Censored: The News That Didn't Make The News - And Why
The 1995 Project Censored Yearbook

Jensen, Carl, and Project Censored. Introduction by Michael Crichton. Cartoons by Tom Tomorrow.
Publisher:  Four Walls Eight Windows, New York, USA
Year Published:  1996
Pages:  332pp   Price:  $20.95   Resource Type:  Book
Cx Number:  CX8348

Documenting how the U.S. mass media does a shabby job, deliberately or negligently withholding information of vital importance.

At the heart of Project Censored lies a conviction that the U.S. mass media does shabby service to the citizenry, deliberately or negligently withholding information of vital importance. For the purposes of the Project, censorship was defined as "the suppression of information, whether purposeful or not, by any method - including bias, omission, under-reporting, or self-censorship - which prevents the public from fully knowing what is happening in the world."

Each year, Project Censored produces reports citing what are considered the top 10 underpublished stories of the previous year, as Jensen says in the current report "the stories that many Americans have not seen or hear about - but should have."

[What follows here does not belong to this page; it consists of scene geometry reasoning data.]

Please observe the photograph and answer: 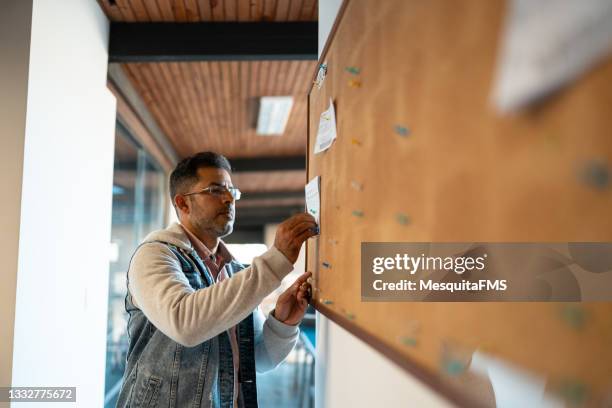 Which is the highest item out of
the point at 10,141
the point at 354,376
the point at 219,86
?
the point at 219,86

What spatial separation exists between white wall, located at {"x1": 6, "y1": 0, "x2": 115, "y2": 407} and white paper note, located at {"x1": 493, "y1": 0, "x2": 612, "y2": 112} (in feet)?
6.63

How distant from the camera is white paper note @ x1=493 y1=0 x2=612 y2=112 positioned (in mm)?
329

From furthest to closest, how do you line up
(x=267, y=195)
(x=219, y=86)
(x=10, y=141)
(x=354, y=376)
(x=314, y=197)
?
(x=267, y=195)
(x=219, y=86)
(x=10, y=141)
(x=314, y=197)
(x=354, y=376)

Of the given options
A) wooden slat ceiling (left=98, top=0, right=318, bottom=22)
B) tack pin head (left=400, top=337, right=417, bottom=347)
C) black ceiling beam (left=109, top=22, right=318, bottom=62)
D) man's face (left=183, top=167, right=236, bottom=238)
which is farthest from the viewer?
black ceiling beam (left=109, top=22, right=318, bottom=62)

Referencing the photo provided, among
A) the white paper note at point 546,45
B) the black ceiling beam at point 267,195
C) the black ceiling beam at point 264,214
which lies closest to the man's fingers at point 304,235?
the white paper note at point 546,45

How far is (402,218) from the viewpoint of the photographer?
69cm

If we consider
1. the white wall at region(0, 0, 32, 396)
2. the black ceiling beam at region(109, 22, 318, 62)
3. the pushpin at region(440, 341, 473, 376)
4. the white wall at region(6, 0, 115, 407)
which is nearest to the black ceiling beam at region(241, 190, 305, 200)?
the white wall at region(6, 0, 115, 407)

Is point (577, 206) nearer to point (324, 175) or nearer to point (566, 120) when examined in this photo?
point (566, 120)

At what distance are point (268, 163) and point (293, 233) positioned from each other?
5.94 meters

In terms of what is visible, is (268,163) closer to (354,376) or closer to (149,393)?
(149,393)

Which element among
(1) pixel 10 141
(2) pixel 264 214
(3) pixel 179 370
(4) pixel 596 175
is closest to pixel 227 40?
(1) pixel 10 141

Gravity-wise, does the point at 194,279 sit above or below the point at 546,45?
below

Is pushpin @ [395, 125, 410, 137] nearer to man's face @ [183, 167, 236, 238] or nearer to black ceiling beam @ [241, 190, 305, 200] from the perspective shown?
man's face @ [183, 167, 236, 238]

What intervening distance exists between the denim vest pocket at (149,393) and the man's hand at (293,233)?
53cm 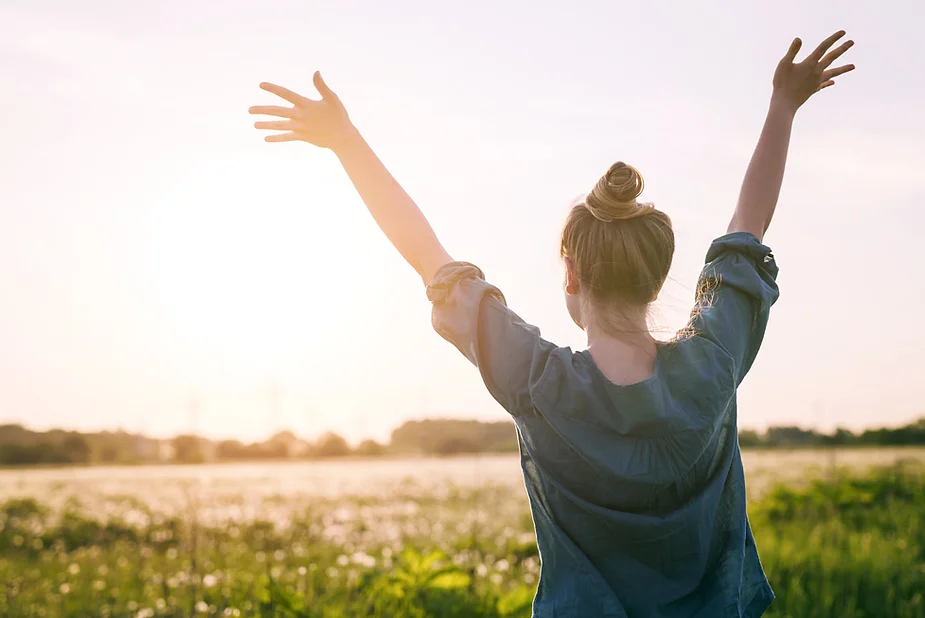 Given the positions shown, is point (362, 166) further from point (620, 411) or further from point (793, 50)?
point (793, 50)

The main aim, says Jensen, is to stimulate journalists, editors, producers and publishers to support more muckraking investigative journalism, to act as the "irritating grain of sand" that makes oysters produce pearls.

Why do the media fail to cover critical issues consistently and comprehensively? Jensen argues it's not a conspiracy on the part of the media elite, though noting that currently fewer than 20 corporations control most of the mass media.

"Nonetheless, the bottom line explanation for much of the censorship that occurs in the mainstream media is the media's own bottom line. Corporate media executives perceive their primary, and often sole responsibility to be the need to maximize profits, not, as some would have it, inform the public. Many of the stories cited by Project Censored are not in the best financial interests of publishers, owner, stockholders, or advertisers.

Equally important, investigative journalism is more expensive than the 'public stenography' school of journalism. And, of course, there is always the 'don't rock the boat' mentality which pervades corporate media boardrooms and filters on down to the newsroom."

There are other "filters" to block certain issues from the main media advanced in the PCC yearbook including:
- the culture of journalism, that sees journalists sharing a point of view that is oblivious to the concerns of working people and other socially marginalized persons;
- the economics of news that sees newsroom staffs shrinking and investigative reporting too expensive;
- a reliance on official sources, that sees the powerful and the privileged getting "over-access" to the media while stories that may run against the grain of those sources are excluded;
- pack journalism that sees the media playing it safe with "follow-the-leader" coverage;
- technology that sees, as Neil Postman postulates, television with its "no-picture-no-go" gospel dominating and shaping the very nature of what is news.

The Yearbook includes a useful "eclectic chronology of Censorship from 605 B.C. (. . . Jehoiakim, the king of Judah, burned Jeremiah's book of prophecies . . .) to 1995 ( . . .Random House announced it would publish A Long Fatal Love Chase, a novel by Louisa May Alcott that had been censored more than a century earlier for being too sensational.)"

Also listed with summaries in each case are 1994's 20 top censored books (all published but with little notice) and the top 10 "junk food" news stories, topped, of course, by the O. J. Simpson case and including among other showbusy items "the British royals."

Both the U.S. and Canadian Yearbooks include synopses of all the selected shortlist stories (25 and 17 respectively) and in the U.S. edition the top stories are printed in full, as originally published.

Alternative media resource guides are included as appendice. The book offers 25 pages of listings including broacast and film, electronic new services, periodicals, libraries, columnists and news services.

The Top 10 U. S. Censored Stories of 1995
1. Unfinished Business -- Occupational Safety Agency keeps 170,000 exposed workers in the dark about health risks incurred on the job. Source: Health Letter.
2. Right-Wing Confidential -- The Council for National Policy (CNP), a powerful, virtually-secret organization of 150 ultra-conservative leaders is seen responsible for a sharp right turn in U.S. politics. Source: In These Times.
3. Flak for Defense Merger -- A secret Pentagon plan to subsidize mergers among defense contractors. Source: Newsday.
4. Poisoning Ourselves -- The impact of incineration on food and human health. Source: Government Accountability Project.
5. Full of Holes -- Clinton's retreat on the ozone crisis. Source: In These Times.
6. Protecting Government Against the Public -- 1947 AEC memo reveals what human radiation experiments were censored. Source: Secrecy and Government Bulletin.
7. Special Report: A Farewell to Fish? -- 60 billion pounds of fish wasted annually. Source: Mother Jones.
8. Why Don't We Stop Tuberculosis? -- TB has surged back and now kills more people than any other infectious or communicable disease in the world. Source: World Watch.
9. Project HAARP -- The Military's plan to alter the ionosphere. Source: Earth Island Journal.
10. Crimes Against Women -- Media part of problem for masking violence in the "language of love." Source: USA Today.